The next day,  we searched for Chestnut-breasted Whiteface and found these after about half an hour. They were singing and generally showing perfectly in the calm, sunny weather. We then set off onto the Birdsville track. Here the Coopers Creek had flooded for the first time in 20 years and we had to cross it using the ferry which had been out of action for the same amount of time. It got us across safely and we arrived at Mungerannie after flushing another Gibberbird. At the wetland a pair of Brolga was walking around with two young; we set off exploring a nearby sand dune where among a large flock of Crimson and Orange Chats we found two Banded Whitefaces. A Brown Falcon was roosting atop a dead tree as the sun went down.

Day 5: June 25

We set off very early the next morning for a big day birding along the Birdsville. Just after sunrise we arrived at our first stop, a flooded swamp, where the constant chatter of ibis and spoonbill rookeries provided a background chorus to the crippling views of Grey Grasswren sitting atop lignum bushes in the foreground. A flock of Australian Pratincoles flew over as a dingo was sniffing around the car, and more Budgies and Cockatiels flew over.
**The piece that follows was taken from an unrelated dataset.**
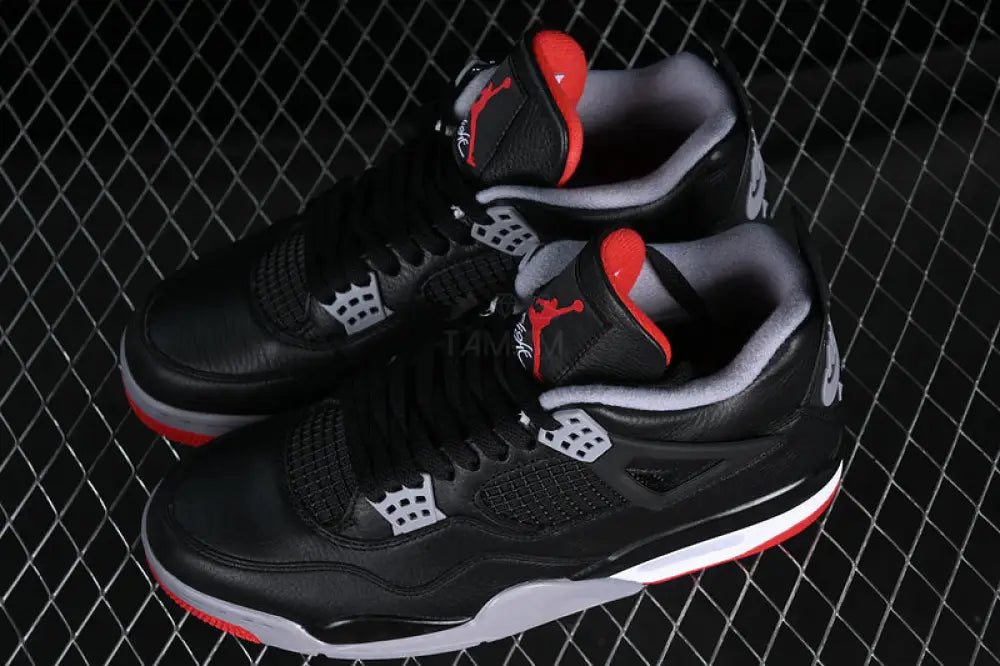 Nike Air Jordan 4 Retro Bred Reimagined White/Black/Grey/Red Shoes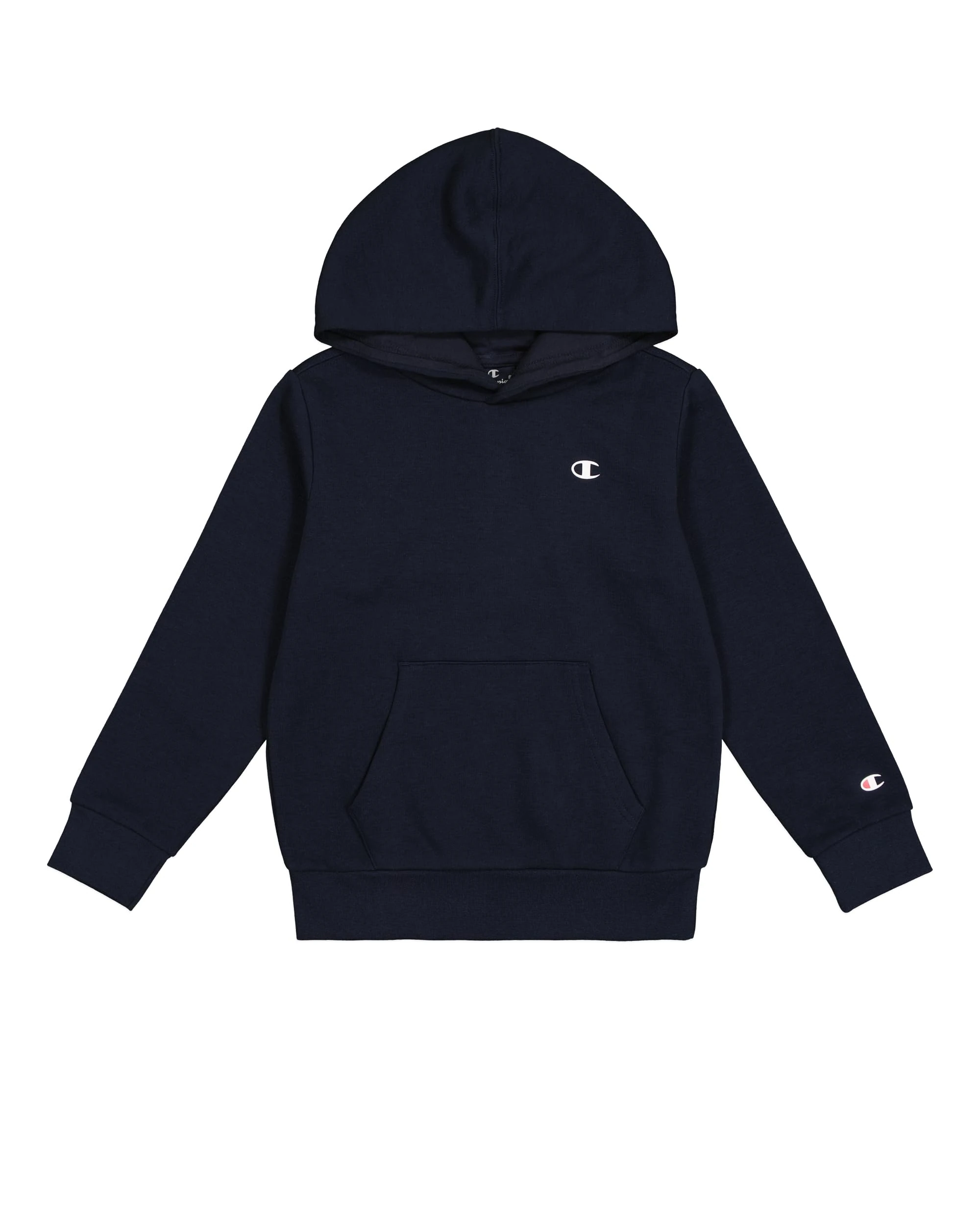 Champion Boy's Legacy Basics B-Ultralight Powerblend Fleece Hooded Sweatshirt, Navy Blue, 13-14 Years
We were very fortunate to find a Grey Falcon sitting next to a nest on a tower, and observed this highly sought-after, yet seldom found, bird for a long time. On the way back to Mungerannie we checked another sand dune and sure enough, found another Eyrean Grasswren. At one site where there was a flowing creek with a sand dune next to it a party of migrating White-winged Trillers had found a pleasant rest stop, along with Rufous Songlarks, more chats and a Black Honeyeater.

Day 6: June 26

The last morning in the desert and checking another sand dune we found a pair of Eyrean Grasswren showing very well perched atop a bush while singing. It was then time to head back to “civilization”, after a 1.5 hour wait at the ferry (it only takes one car at a time) which we didn’t mind as it allowed us to bird the inundated areas, where over 500 Gull-billed Terns were foraging. More chats, Zebra Finches, Budgies and the odd Nankeen Night-heron were found, and a curry for dinner in Pt Augusta made a welcome change from 4 nights of meat and fries.

Day 7: June 27

The last day of the tour  saw us birding around a frosty Pt Augusta which yielded many Redthroats, a Black-eared Cuckoo, Chirruping Wedgebills, Little Eagle and Banded Stilt. Closer to Adelaide, we finished off the tour with close-up views of Slender-billed Thornbill. All in all, the participants agreed that it had been a highly successful tour – birding doesn’t get much better than this.